I should probably get out more, as it was really fun! ^_^
 

Ajax Bay

Guru
Location
East Devon
I suppose geometry, headsets and wheels all have some influence.
Riding 'no hands' requires the rider's commitment to lean back (ie no hands hovering over the bars) and "Geometry" (and a normally functioning headset).
Reposting from a post 20 months ago, quote from Touring Bikes by Tony Oliver:
"A bike designed with neutral steering eg many touring and expedition bikes, should be extremely difficult to ride 'no-hands'. Their [combination of] offset/head tube angle is deliberately chosen so that steering is unaffected (or at least affected only a small amount and not enough to allow easy/safe 'no-hands'). However a racing bike should be very responsive to leaning and therefore relatively easy to steer no-hands. Also one's weight must be well back, but of course this means one is further away from the 'safety' of grabbing the bars."
Like [others] I suspect that the natural reduction in risk tolerance that most experience/exhibit with advancing years means we get caught in the too far forward and, on a relaxed geometry bike 'no man's land', this manifests as loss of ability.
Christmastime @kingrollo thread: Admission-i-cant-ride-no-hands
and a few posts therefrom:
YES I CAN! Happily remove/refit gloves, answer the phone, scratch my ##### chin, do the Bolt point, fumble in back pocket for a snack or just sit back and soak up the ambiance. If you can do it then you know that actually you can have your hands back on the bars in a split second should the need arise (apart from the two arms stuck in the sleeves of a jacket scenario, which needs to be performed on a quiet, straight road).
Tried today, still got it and managed about 800 metres before it was time to get the hands back on and go a little faster.
The first time I realised I could ride ‘no handed’ was when a prat in a w**k panzer cut me up, when I was about thirteen years old, and I was wildly gesticulating, and giving him some fine ‘Ja Volls’, and I realised I had both hands off of the bars. I’ve never needed it since, but it’s nice to know, I could if I needed to.
 

ActivR

Member
Very simple, but each bike travels differently.
First of all, you must have the right speed - then you have almost nothing to do.
I used to think that it requires acrobatic balancing ability.
 

DRM

Guru
Location
West Yorks
Purely coincidentally I happened to try this yesterday on the High Peak Trail on the Hetchins. Don't know why it occurred to me to re-learn it but like most folks, I was in the 'I used to do this all the time when I was 16, surely it can't be that hard 34 years later?' camp. True enough, it wasn't. Once I'd got past a couple of crouched attempts with hands hovering over the bars it was a question of just sitting upright and bloody well getting on with it.

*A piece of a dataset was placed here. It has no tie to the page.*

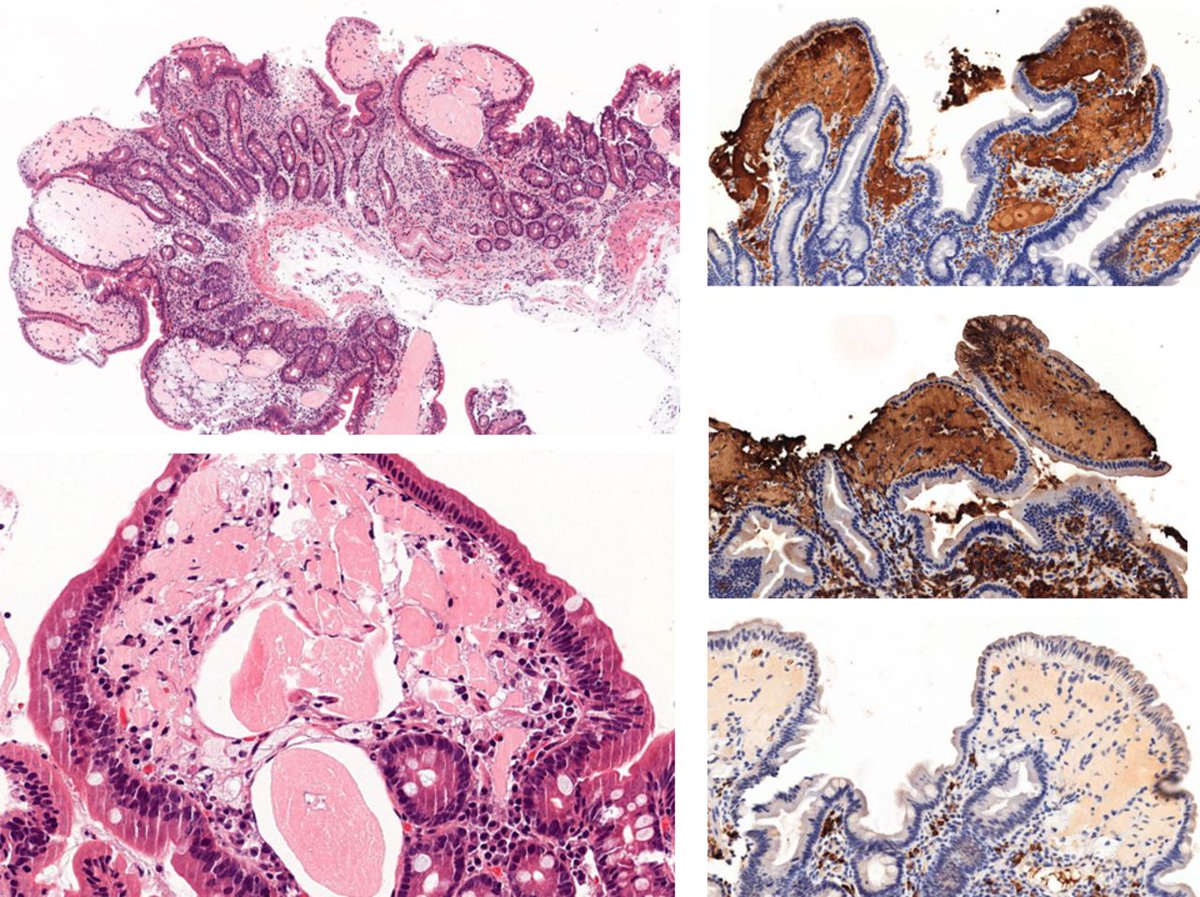 Gut Journal tweet media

I should probably get out more, as it was really fun! ^_^
Me too, I used to ride no hands quite easily as a yoof, however as others have said thirty odd years later you know that you don't bounce like you used to do, but whilst out (off road, but tarmac lane) on my MTB I kept having a go till I cracked it, had a few goes Saturday & Sunday on the roadie till I cracked it on that too, I think on a road bike there's a confidence issue due to being leaned further forward, so the grown up, don't be stupid part of your brain makes it seem a long way to sit upright & balance properly, where as on an MTB or hybrid you are sat more upright to start with.